This story first appeared in the December 29, 2009 issue of WWD. Subscribe Today.

Investors Monday rewarded apparel retailers, department stores in particular, with nearly universal gains on the first trading session following Christmas as they digested news of better-than-expected sales gains and less-than-expected markdowns in light of leaner inventories.

While the S&P Retail Index finished the day up 1.22 points, or 0.3 percent, at 418.76 after spiking to 421.71 in morning trading, most stores selling apparel registered stronger increases, and department stores fared best. Advances were attributed to a number of factors, including the so-called Santa Claus Rally that often precedes and follows Christmas, but a strong rally by retailers was hardly a foregone conclusion considering the recent upward momentum of retail stocks in recent weeks. Expectations of a better holiday than the thoroughly dismal period in 2008 had been factored into traders’ calculations for much of the back half of the year.

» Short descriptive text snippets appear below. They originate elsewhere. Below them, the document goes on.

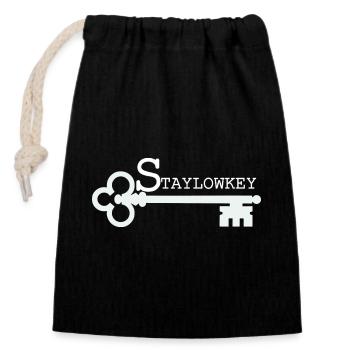 Stay Low Key Key Illustration - Closable cotton gift bag (14x20cm) - black - Front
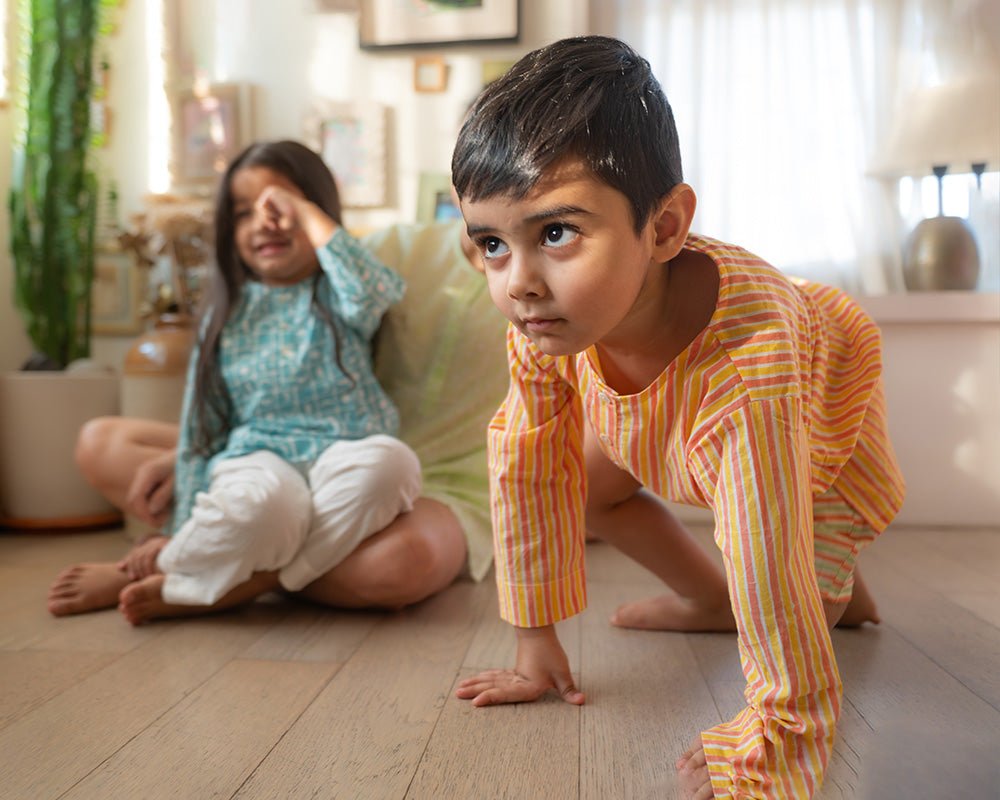 Sleepover Party Unisex Cotton Set with Peach Yellow Striped Kurta and Peach Green Striped Shorts - CiceroniCo - ord SetLove The World Today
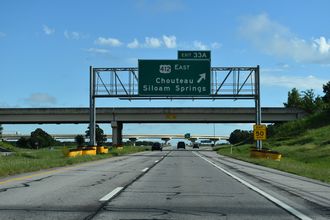 SH 364/Creek Tpk North at US 412 East to Chouteau, OK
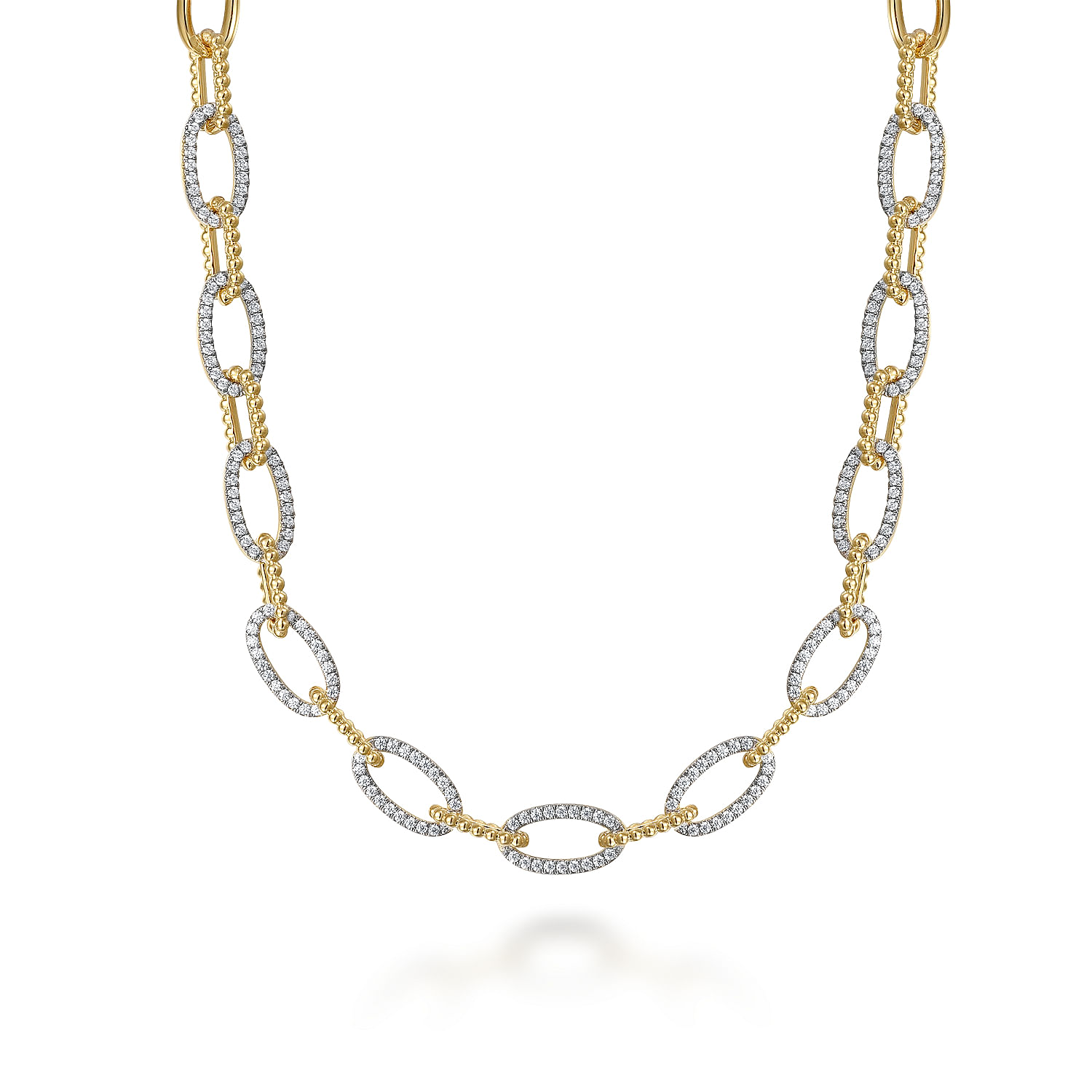 Gabriel & Co diamond & gold link necklace at Pav & Broome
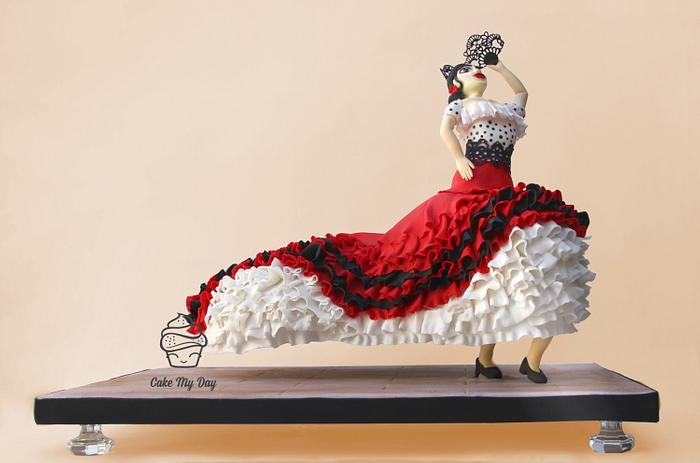 Gravity defying Flamenco dancer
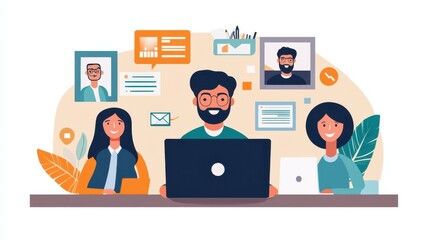 An employee using a laptop for a virtual meeting with colleagues.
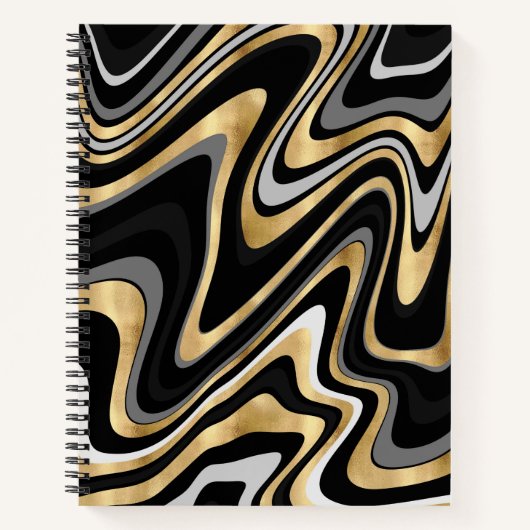 Carnet Lignes Wavy Or Noir Rétro Design moderne (Devant)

But all of the department store stocks monitored by WWD registered an increase Monday. Although The Bon-Ton Stores Inc. led the sector with a gain of 65 cents, or 6.6 percent, to $34.17, upscale merchants Saks Inc. and Nordstrom Inc. pulled ahead 1.3 and 1.2 percent, respectively, to $6.87 and $37.80, a reflection of their apparent return from significant declines during holiday 2008.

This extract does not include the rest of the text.